From Diane Ravitch's Left Back, a terrific history of American education, about how "progressives" invented "social studies" in the enormously influential 1917 Commission on the Reorganization of Secondary Education (CRSE), a federal report sponsored by the National Education Association.:
"The chairman of the Committee on Social Studies was Thomas Jesse Jones, the specialist on racial matters who had written the important federal report Negro Education. A well-known proponent of industrial and trade education, Jones was one of the first to coin the term of 'social studies.' This new field was formed by the intersection of two congenial ideas: one was social efficiency, or teaching students the skills and attitudes necessary to fit into the social order; the other was 'the new history,' whose advocates believed that the content of history in the schools should be selected on the basis of 'the pupil's own immediate interest' and 'general social significance.' Proponents of social studies believed that pupils could not possibly be interested in history unless it was directly related to the present.
"The trouble with history, it seemed, was that it frequently didn't have a social purpose at all; too often, it was geared toward satisfying the student's imagination or curiosity, which modern educators deemed socially useless. In its preliminary report, the Committee on Social Studies proclaimed that 'good citizenship' would be the goal of social studies: 'Facts, conditions, theories, and activities that do not contribute rather directly to the appreciation of methods of human betterment have no claim.' Even civics, which was a study of government, had to change to a study of 'social efforts to improve mankind. It is not so important that the pupil know how the President is elected as that he shall understand the duties of the health officer in his community.'"
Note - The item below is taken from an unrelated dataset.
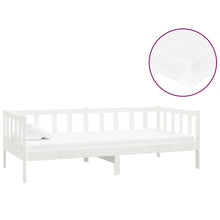 Slaapbank Met Matras Massief Grenenhout 90X200 Cm Wit
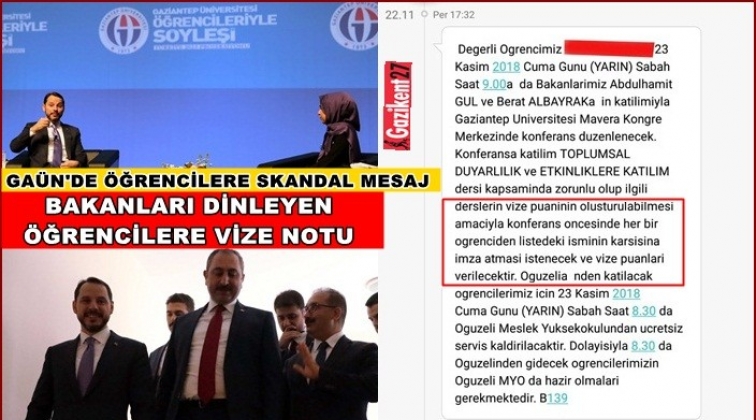 GA&Uuml;N'den Bakanları dinleyenlere y&uuml;ksek not!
Diane Ravitch goes on to give a quote from this Committee's report about why they thought that "social studies" was more important than history, civics, and geography. From the report:
"'The old chronicler who recorded the deeds of kings and warriors and neglected the labors of the common man is dead. The great palaces and cathedrals and pyramids are often but the empty shells or a parasitic growth on the working group. The elaborate descriptions of these old tombs are but sounding brass and tinkling cymbals compared to the record of the joys and sorrows, the hopes and disappointments of the masses, who are infinitely more important than any arrangement of wood and stone and iron.'"
Notice the Marxist undertones from this Committee's report of 1917. This report was enormously influential and tragically transformed the entire character of America's schools. You can see its influence in the fact that we still call history and geography at the elementary and middle schools levels "social studies" and the disparagement of subject matter that has no socialist utility. This is yet another reason to take back the schools from the "progressives."
Amazingly, socialists and liberals have attempted to take credit for the Civil Rights Movement, which was a successful movement by Blacks THEMSELVES to gain equal rights that were viciously denied them by DEMOCRATS and LIBERALS in the South. This movement liberals have falsely (and racistly--as if Blacks were not able to organize the Civil Rights Movement themselves without the paternal guidance of liberals) taken credit for gives them the ability to throw the epithet "racist" to anyone who disagrees with their "progressive" and socialist ideas (think The Great Society, discarding prayer and morality in schools, and busing for integration) that tore apart Black communities. The social utilitatrian and "progressive" education methods that date back to the CRSE's report and before are the some of the root causes for societal problems facing the Black community today.
This week's Weekend Geography Quiz:
This attractive city of about 300,000 in the heart of the cotton belt was settled along a river in the area of the Alibamu Indians.
On December 1, 1955 Rosa Parks refused to give up her seat on the bus, and a bus boycott was launched until the city desegregated the mass transit system in December 1956. Martin Luther King lived here from 1954 though 1960:
This city has not only been integral to the Civil Rights Movement, it has also had important musical contributions. The great Hank Williams lived here and is buried here in in Oakwood Cemetery.
The city has an important historical and musical legacy, but it is also a city of modern cultural achievements. It has a world-renowned Shakespeare theater and is home to the seventh largest Shakespeare festival in the world. It puts on many productions throughout the year:
This city also has the fifth largest museum in the world, the new Fine Arts Museum, also in the huge and attractive Blount Cultural Park that houses the Shakespeare theater. In 1910, the Wright winter flying school was set up in this city by the Wright brothers, and its legacy is still found today in that this city is an important Air Force training center. This very hot and humid city is a city of oaks and pines with many very attractive neighborhoods. It is also very religious. Every other building seems to be a church.
Finally--best of all--this city is home of the VERY BEST hot dogs in the world--even better than Atlanta's the Varsity--and was ranked in the top ten best hot dogs in the U.S. by the Travel channel (it should be number one). They can be found at Chris' hot dogs, founded in 1917,on Dexter Avenue near the Capitol:
What is the name of this all American city?